**What to produce**. Starting at the line that contains "Person dressed as", print each line exactly through the end of the listing. Skip any pictures and add nothing.
[[ Records provided, beginning ]]
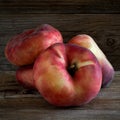 Saturn peaches on wooden table. Royalty Free Stock Photo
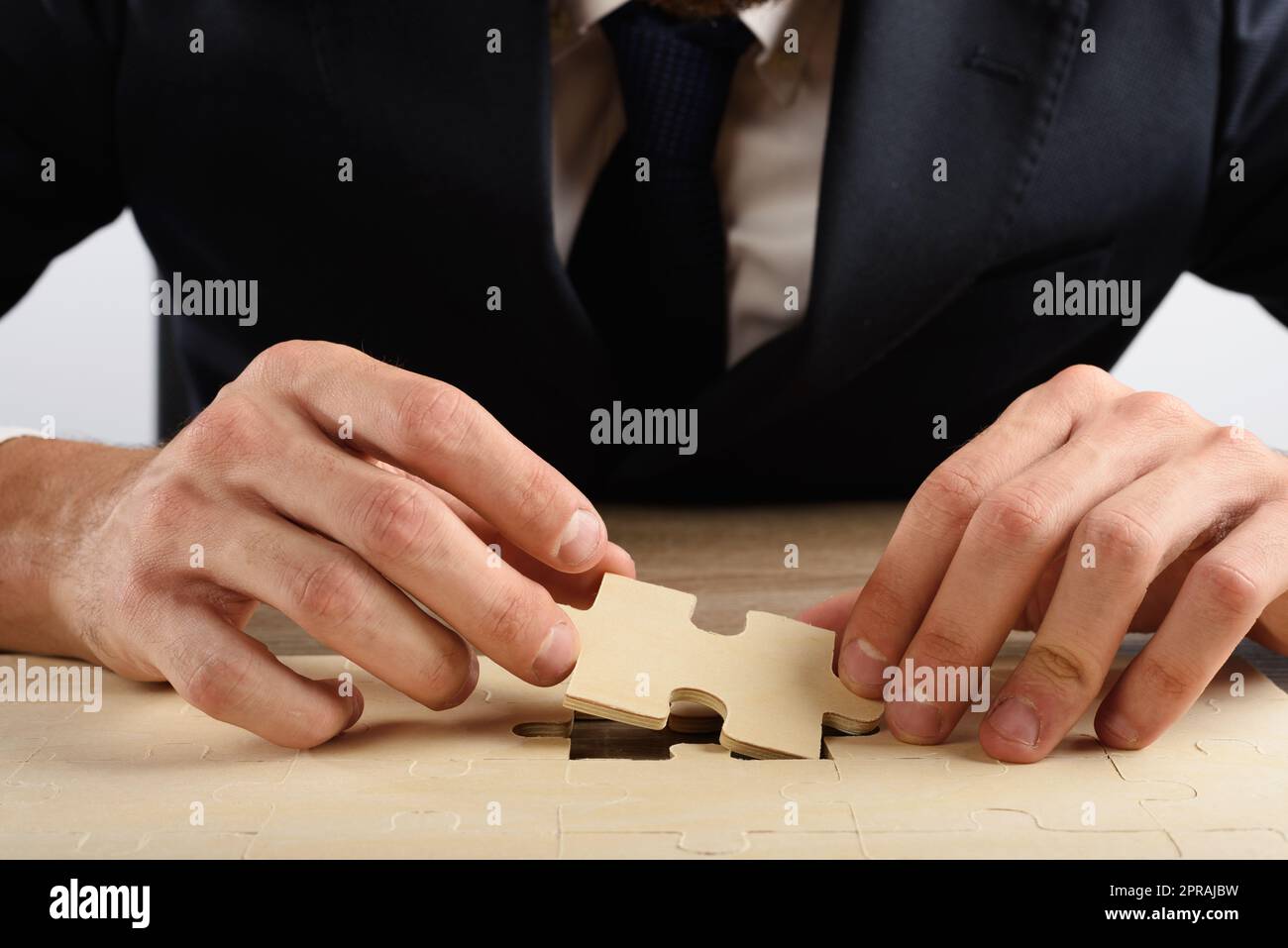 Geschäftsmann wendet den letzten Teil eines fehlenden Puzzles an Stockfoto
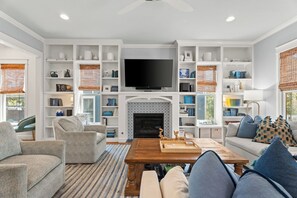A living room with a fireplace, a television, and bookshelves.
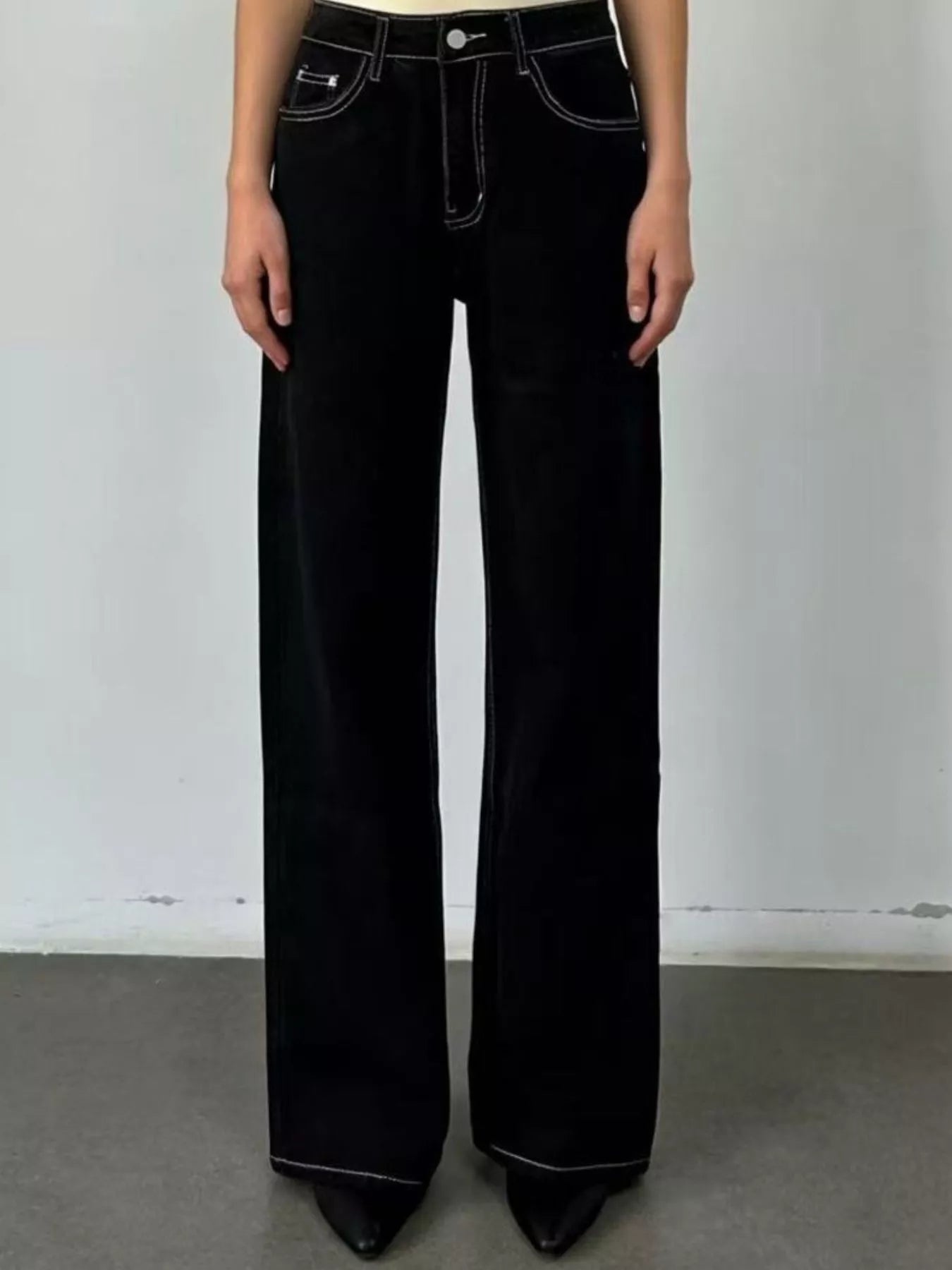 Person wearing black flared jeans against a plain background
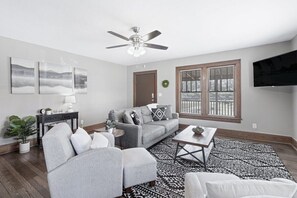 A modern living room with a grey sofa, a coffee table, a TV, and a ceiling fan.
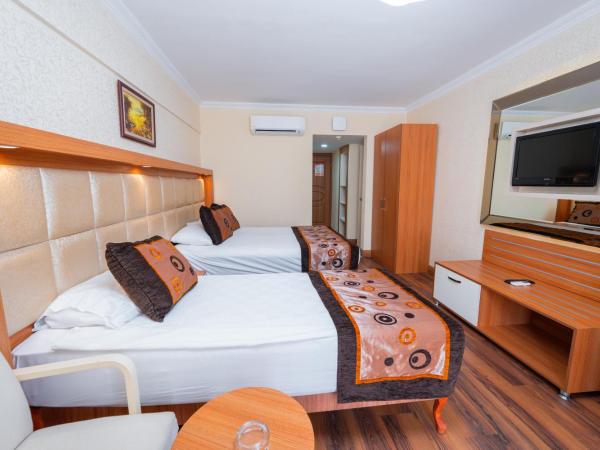Oz Hotels Incekum Beach : photo 1 de la chambre chambre familiale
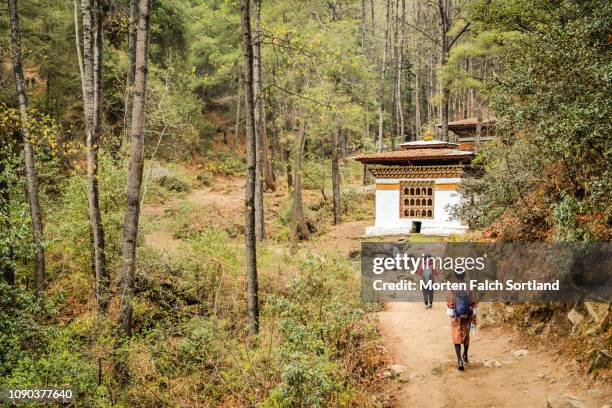 people walk towards tiger's nest monastery in paro, bhutan springtime - taktsang monastery stock pictures, royalty-free photos & images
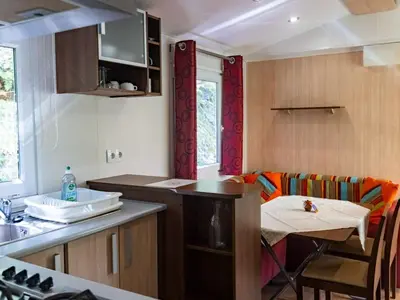 a kitchen with a counter and a table with a chair at Mobil home 6 pers avec terrasse à Fenouillet - API-1-52-314 in Fenouillet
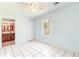 Bedroom with tile floors and view to bathroom at 3556 Riley Rd, Douglasville, GA 30134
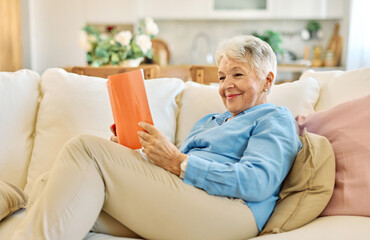 Portrait of mature senior woman reading a book on sofa at home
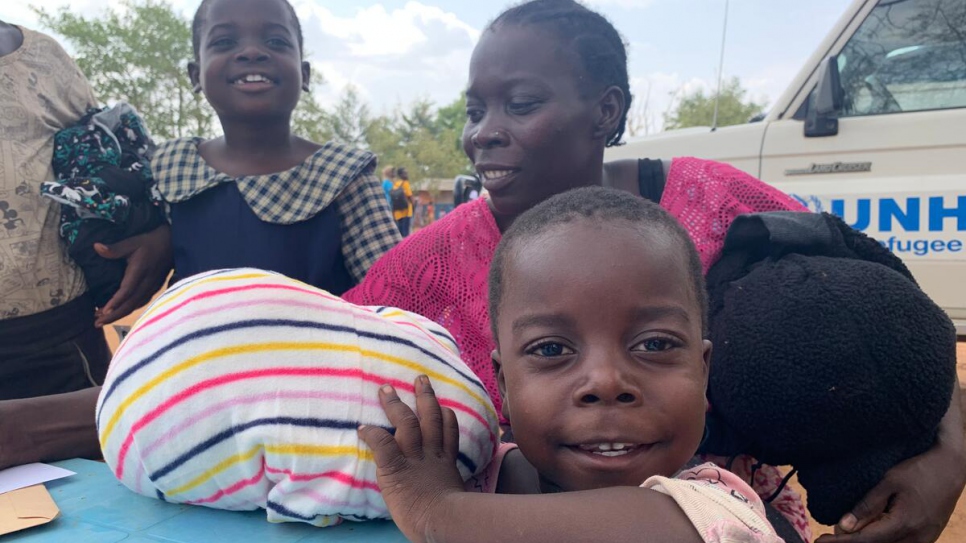 Clementina and her family receive new clothes. 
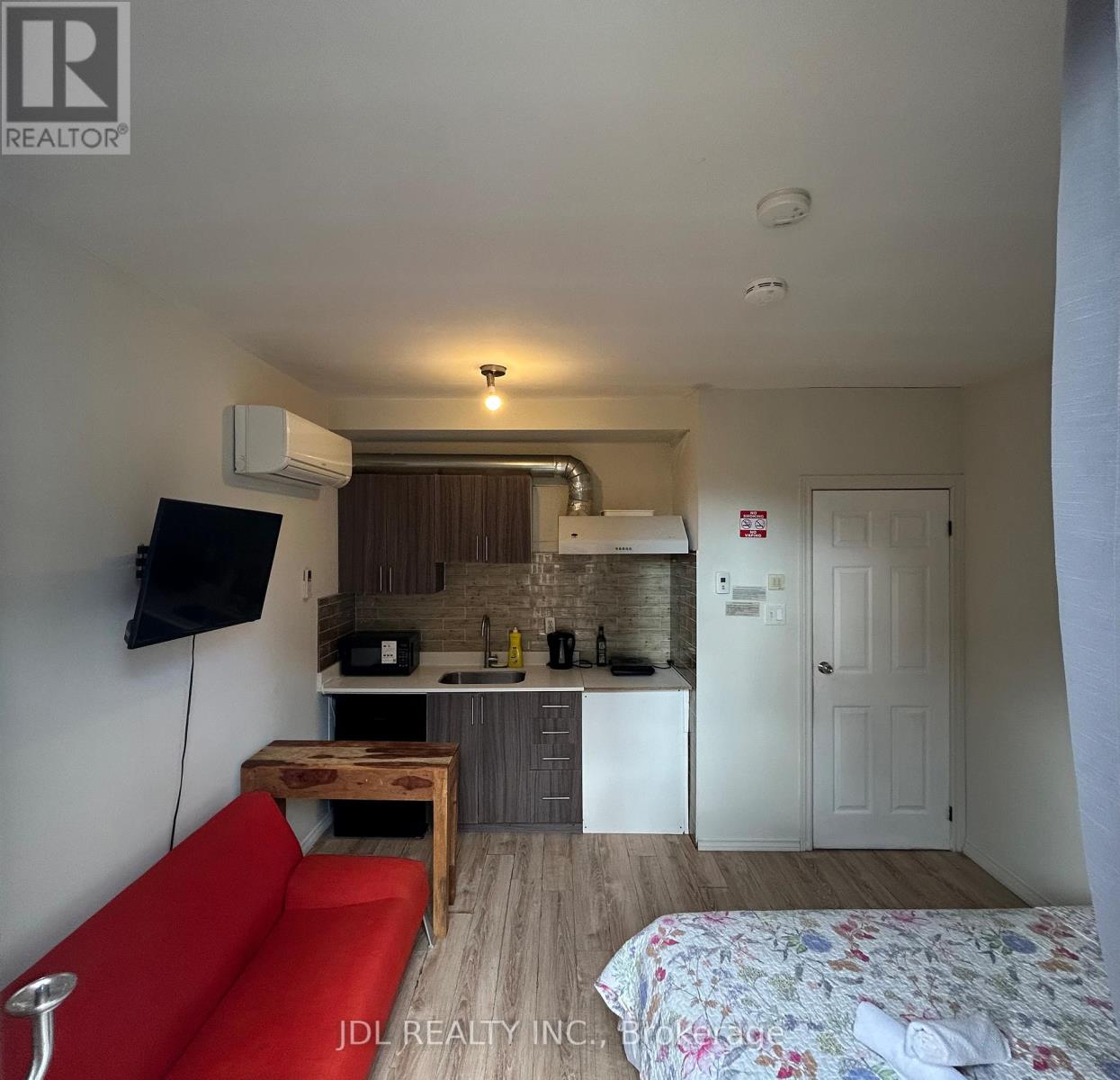 A small room with a red couch, a bed, a table, and a television.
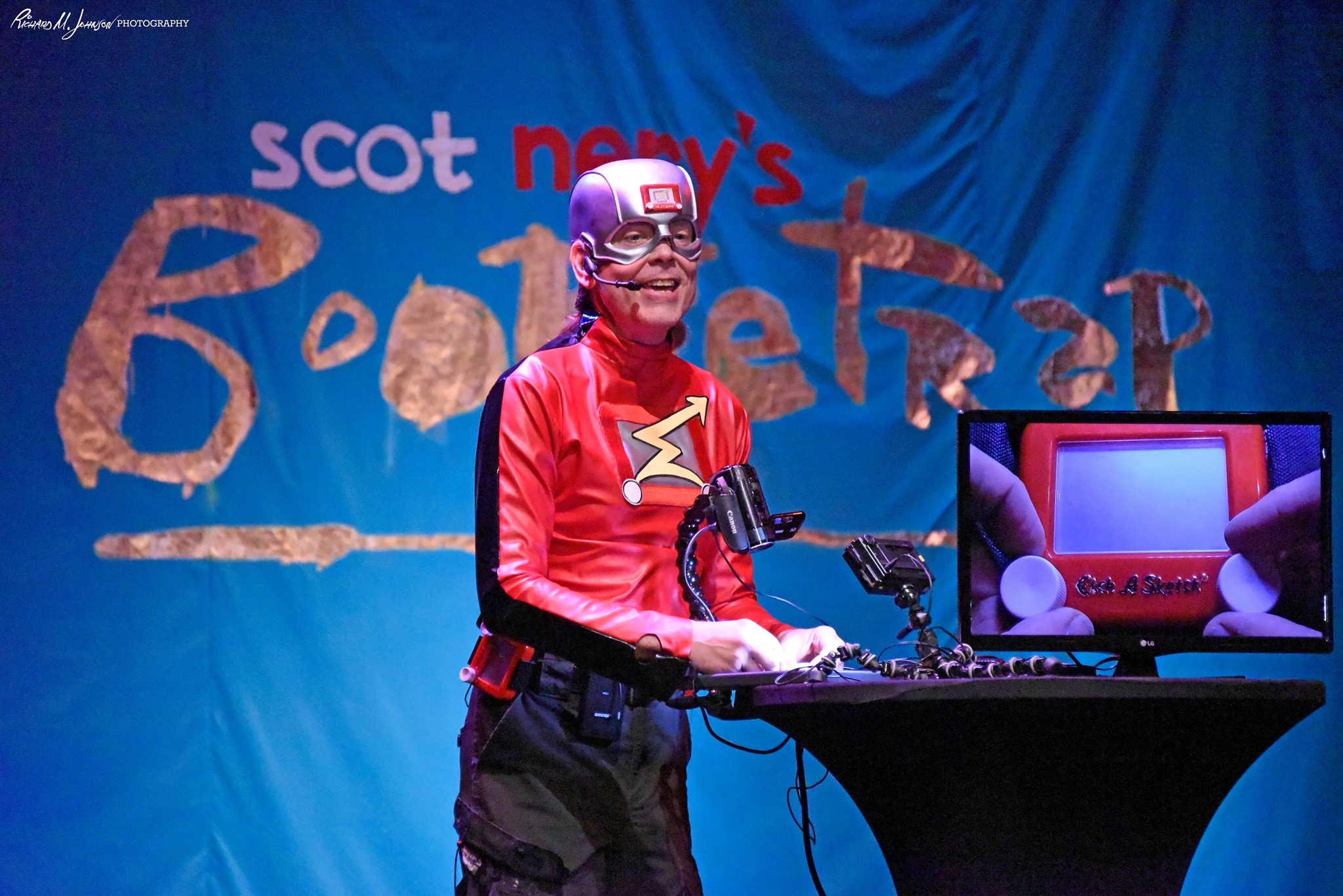 Person dressed as a superhero with a red costume and mask, standing at a table with a monitor, in front of a blue backdrop.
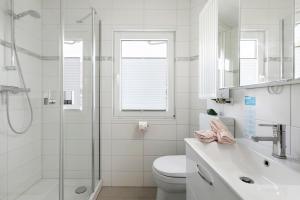 a white bathroom with a toilet and a shower at Kleines Schweden in Hennstedt +18 photos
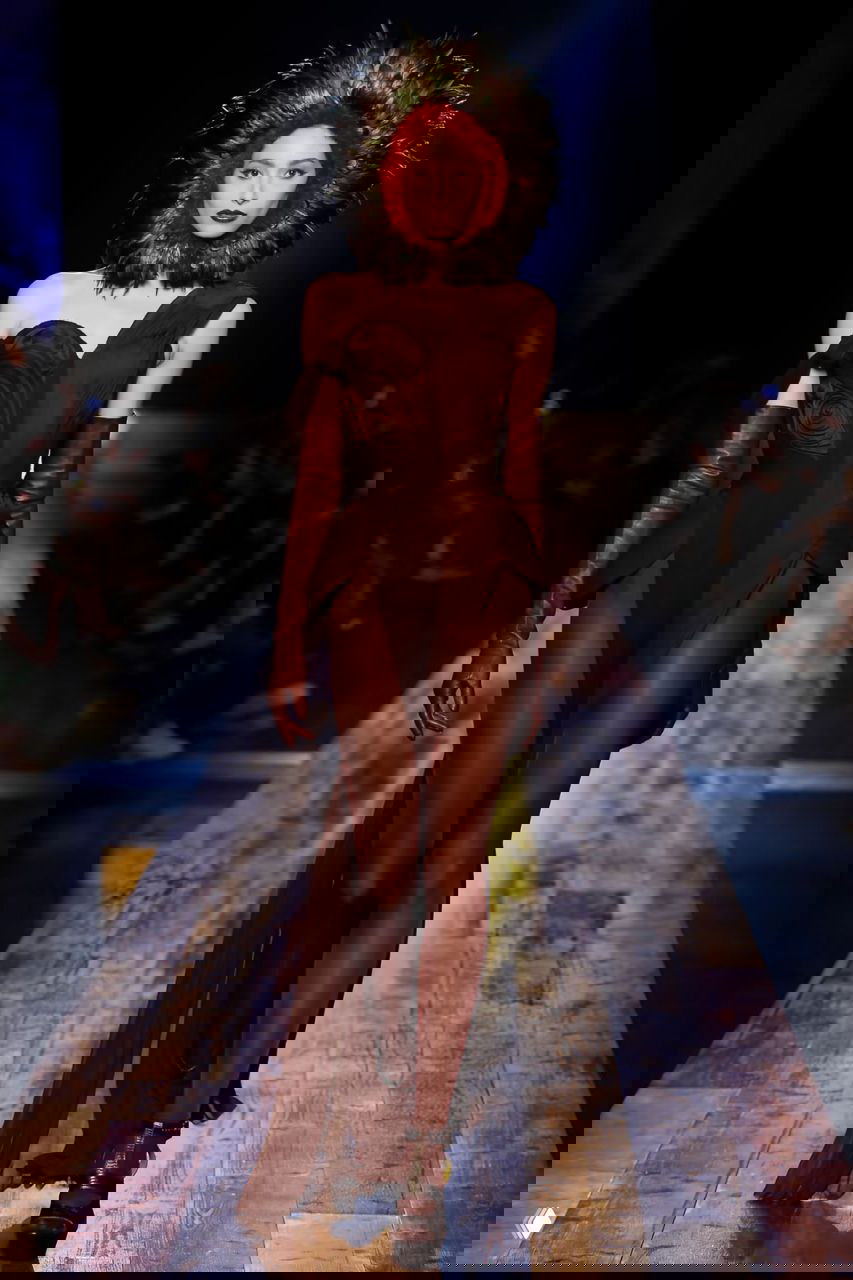 Модель в коричневом асимметричном платье с массивным воротником на подиуме — образ шоу Jean Paul Gaultier, сезон 2016.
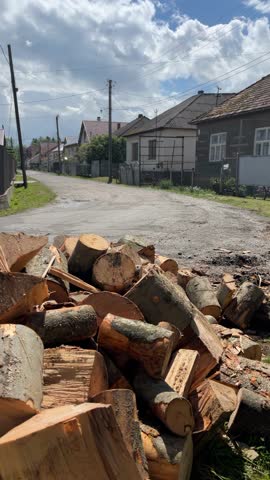 man hauling chopped firewood into rural property
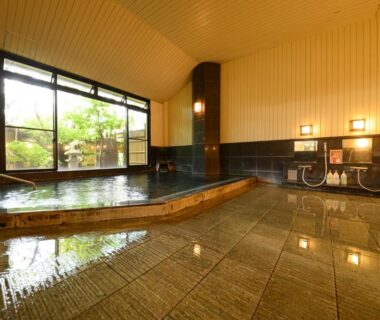 Indoor communal onsen with tiled floor, washing stations and garden view at YufuinOnsenRyokan Mebaeso Ōita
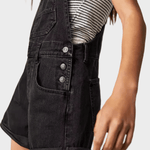 Woman wearing black denim dungaree shorts with adjustable straps
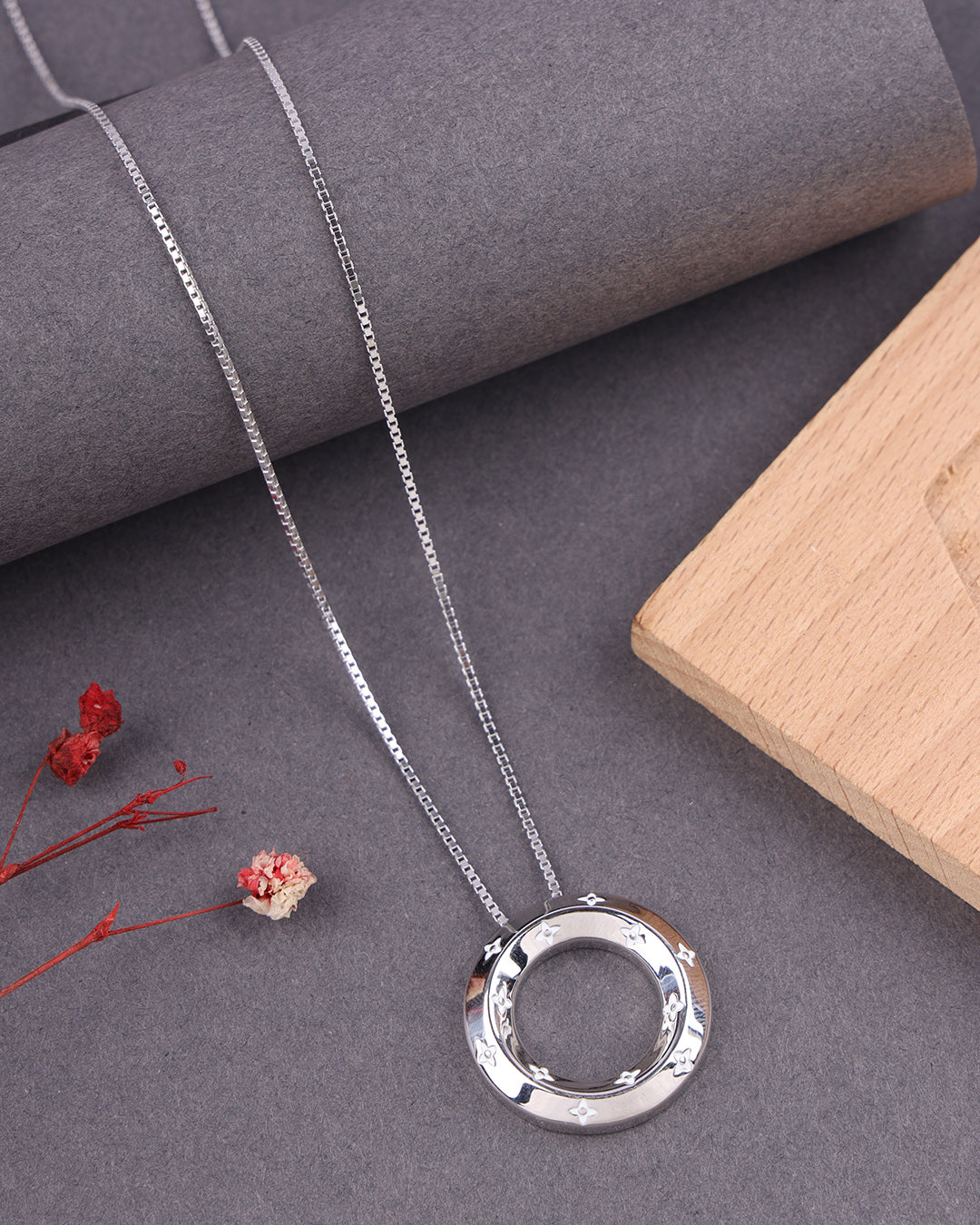 Silver necklace with a circular pendant on a gray surface with dried flowers and a wooden block.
[[ Records provided, end ]]
**Output of the task**.
 Person dressed as a superhero with a red costume and mask, standing at a table with a monitor, in front of a blue backdrop.
 a white bathroom with a toilet and a shower at Kleines Schweden in Hennstedt +18 photos
 Модель в коричневом асимметричном платье с массивным воротником на подиуме — образ шоу Jean Paul Gaultier, сезон 2016.
 man hauling chopped firewood into rural property
 Indoor communal onsen with tiled floor, washing stations and garden view at YufuinOnsenRyokan Mebaeso Ōita
 Woman wearing black denim dungaree shorts with adjustable straps
 Silver necklace with a circular pendant on a gray surface with dried flowers and a wooden block.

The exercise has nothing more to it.